From Auret’s response:
As consumers, we face hundreds of choices each day: What kind of shampoo should I use? Where should I buy a cup of coffee? What brand of shoe is best for my workout?
For most consumers, the choice is automatic; many will select the cheapest option, while others will make their decisions on the basis of habit or social cues. Each of these factors poses barriers to ethical consumption, and NGOs and campaigns have focused on asking consumers to change in order to overcome those barriers.
Of course, NGOs have created some innovative tools to help consumers make ethical purchasing decisions more easily. These types of tools are essential, and many are Web-based so they can be consulted on smart phones. But there is still the problem of how to inform decision making at the point of sale. Activists have tried to guide shoppers by creating labels that should be instantly recognizable.

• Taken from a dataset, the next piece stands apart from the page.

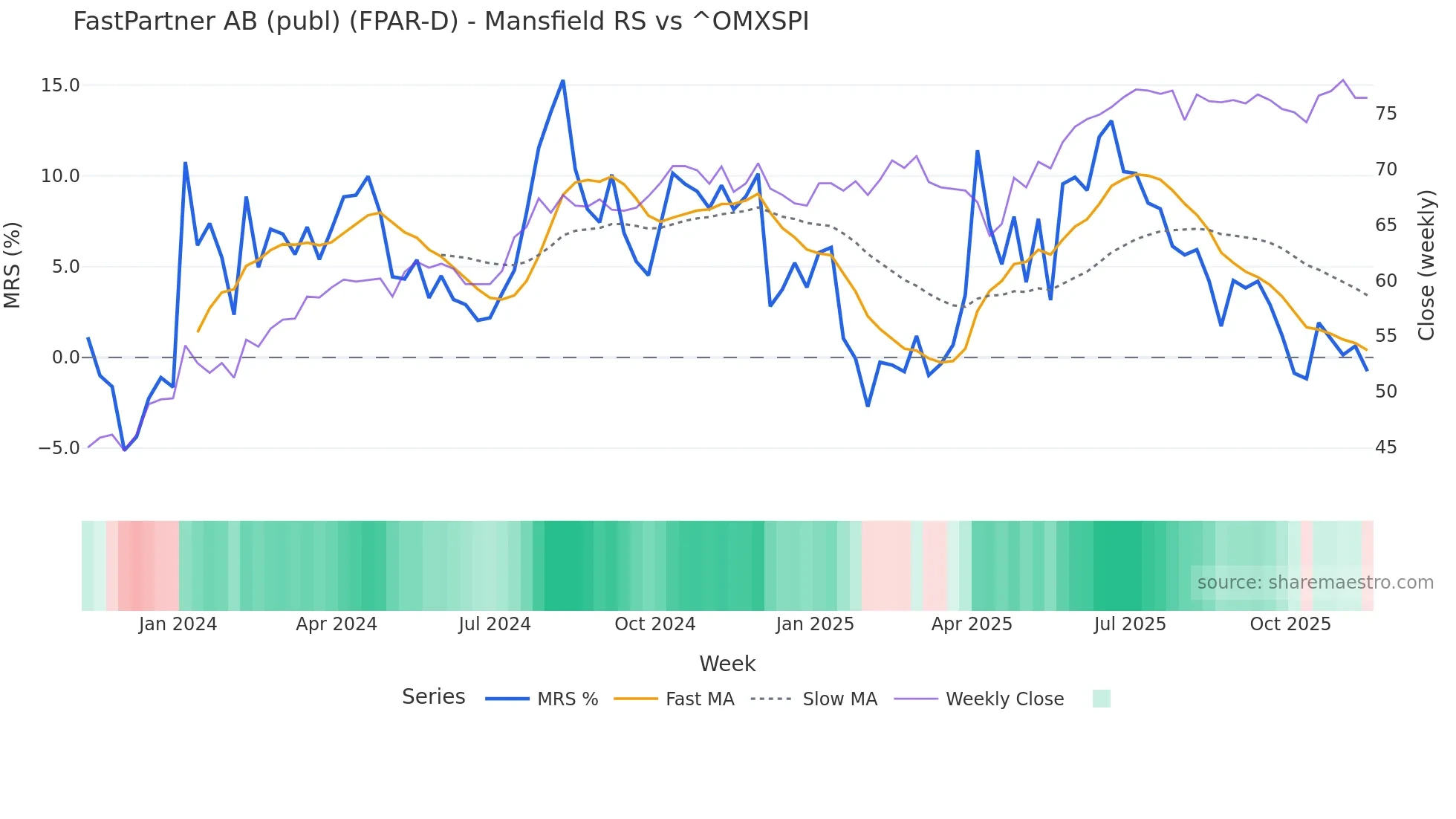 FPAR-D Mansfield Relative Strength chart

Unfortunately, there is now a proliferation of labels, rankings, scorecards, guidelines, and phone apps that add further complication. And by asking consumers to consider so many issues—environmental health, resource conservation, ethical trade, workers’ rights, human rights, animal rights—we risk making them feel guilty if one of their favorite products falls short. This atmosphere of anxiety and judgment may be part of the reason why only a small percentage of consumers act on their convictions.
If you play out each scenario for making an ethical choice, you quickly realize the difficulties. One option is to research online the products you intend to buy before you go to the store. Possible, but not very practical, and of no help when it comes to the “impulse buy.” A little more likely is that you check labels to see if products have been certified by one of the initiatives that works on the issues that matter to you. Fair trade and organic products are easily identified, as are those that protect endangered species and certain scarce resources, such as ethically harvested woods. Those labels are generally reliable, especially when they deal with one standard, but the consumer can easily zone out when there are competing labels.